L’italiano di Catarella rispetto allo standard
La produzione linguistica del maldestro appuntato dei romanzi di Montalbano, Catarella, presenta caratteristiche peculiari, poiché articolata secondo elementi afferenti a diverse categorie dell’italiano – regionale e popolare – e in larga misura al dialetto, siciliano. Egli infatti è caratterizzato come un parlante dialettofono, semi-colto e con scarsa abilità di sorveglianza della propria produzione linguistica.
I tratti tipici dell’italiano popolare si riscontrano nella presenza di frasi preconfezionate, paretimologie, cancellazione di morfemi e accumulo di preposizioni, tautologie e impiego di lessemi propri di sottocodici, principalmente di burocratese e di foreign talk.

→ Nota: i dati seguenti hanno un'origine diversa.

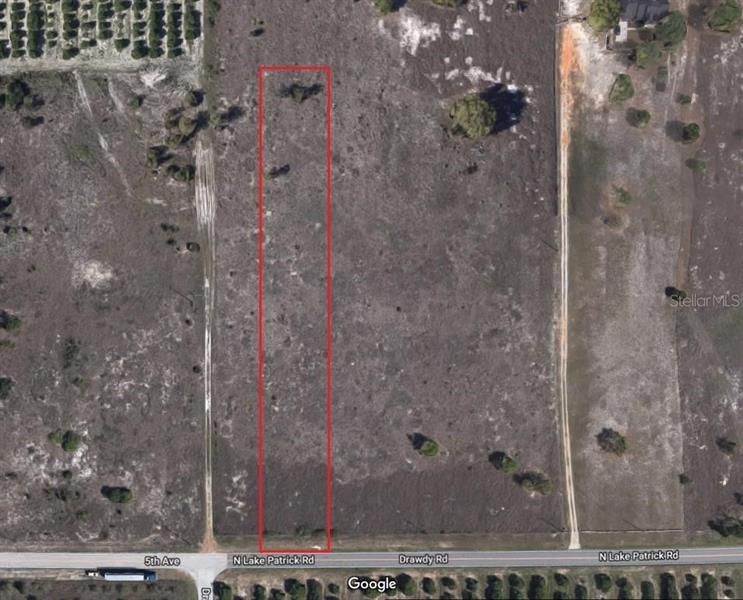 Recently Sold: $16,900 (1.24 acres)
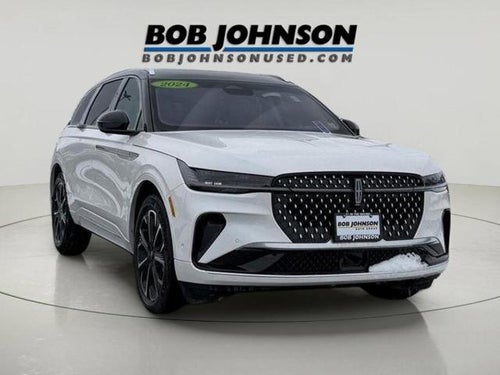 2024 Lincoln Nautilus Reserve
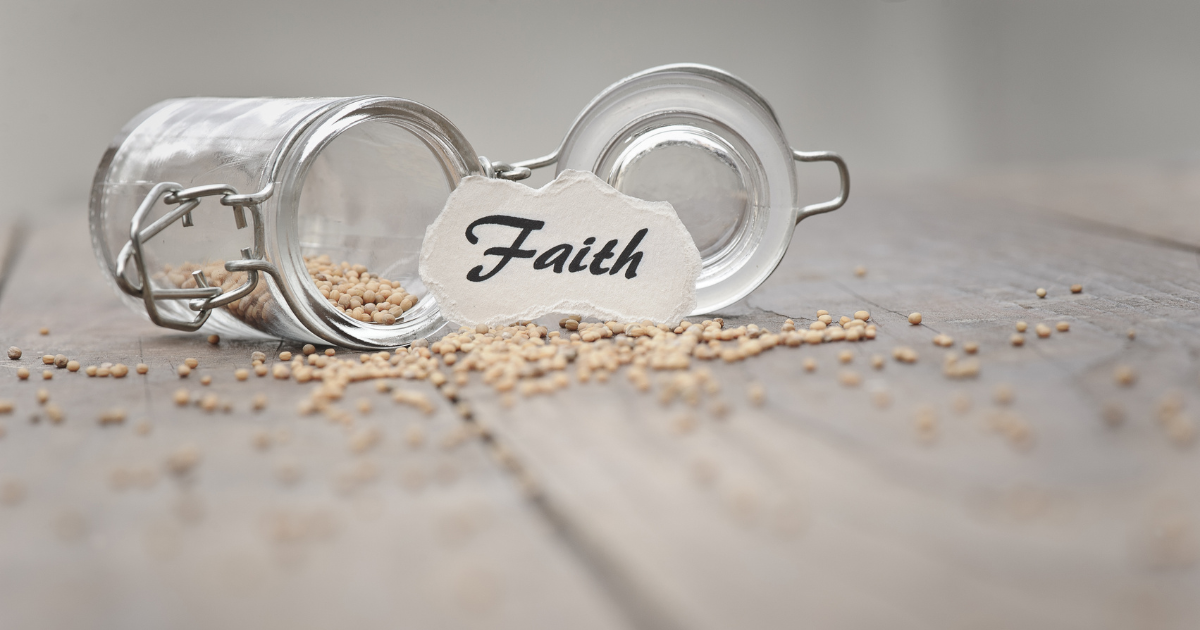 You are Being Reminded to Build Faith and Trust in Your Spirit Guides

Inoltre, ci si può imbattere in dialettismi e regionalismi, i quali, spesso, sembrano contaminarsi e dare luogo a forme che si potrebbero definire “ibride”. Ciò si vede, in modo chiaro, nell’ambito della morfologia: Catarella tende a selezionare un morfema lessicale tipico del dialetto, e ad aggiungervi un morfema grammaticale, flessivo, proprio dell’italiano. Pertanto, si originano veri e propri ibridismi, che si presentano come parole prodotte dalla combinazione di un morfema lessicale di una lingua di partenza (o lingua X) con un morfema grammaticale di una lingua d’arrivo (o lingua Y), come sostiene Gaetano Berruto in “Sociolinguistica dell’italiano contemporaneo”. In aggiunta, se si considerano le sequenze dialogiche presenti nei romanzi (per questo articolo ho fatto riferimento al testo “La danza del gabbiano”, del 2009), dall’interazione verbale fra Montalbano e Catarella emerge l’effetto di questo particolare comportamento linguistico. Il commissario si rivolge all’appuntato operando precise scelte, attingendo soprattutto dal dialetto o dall’italiano, cosiddetto, sub-standard, talvolta ripetendo esattamente forme o strutture del suo interlocutore dialettofono. Ciò non deve stupire, in quanto è assodato che le interferenze con le forme tipiche del dialetto o dell’italiano regionale della propria area geografica, sia a livello lessicale sia a livello morfosintattico, permangono nella produzione di un parlante, anche piuttosto colto. Tale atteggiamento permette al commissario Montalbano non solo di interagire efficacemente con Catarella, ma anche di guadagnarne l’approvazione, in conformità con il principio, denominato da Grice, “di cooperazione”. Quanto detto è particolarmente importante per il fatto che costituisce una prova della distanza del linguaggio di Catarella dall’italiano standard.
La commistione di tratti, dialettali, popolari e regionali propria del linguaggio di questo personaggio, avrebbe, almeno, due possibili spiegazioni. Da un lato, infatti, sarebbe verosimile considerarla alla luce di un’interferenza a partire dal dialetto: gli elementi ibridi e di difficile spiegazione sarebbero giustificati dalla dinamicità e dalle caratteristiche tipiche del sistema, nonché da fattori extralinguistici di carattere socio-culturale. Dall’altro, la complessità troverebbe spiegazione nel fatto che, essendo il “popolo” fruitore naturale del dialetto, quest’ultimo costituisce la base preferenziale del linguaggio di Catarella.
La produzione linguistica del personaggio, in conclusione, è composita e attinge dal dialetto; in conseguenza di ciò si può affermare che l’italiano standard, per l’insieme di parlanti che Catarella impersona sembra noto soltanto per competenza passiva. Quando ci si accosta al testo che ne rappresenta la produzione linguistica, la contaminazione di tratti conduce ad un’incongruenza stilistica originale, che anche un parlante non dialettofono può riconoscere. L’italiano scritto, ma parlato, del personaggio è il risultato di una stratificazione di registri alle cui estremità si trovano il dialetto e l’italiano popolare, come varietà diastratica alta, quale che ne sia la definizione.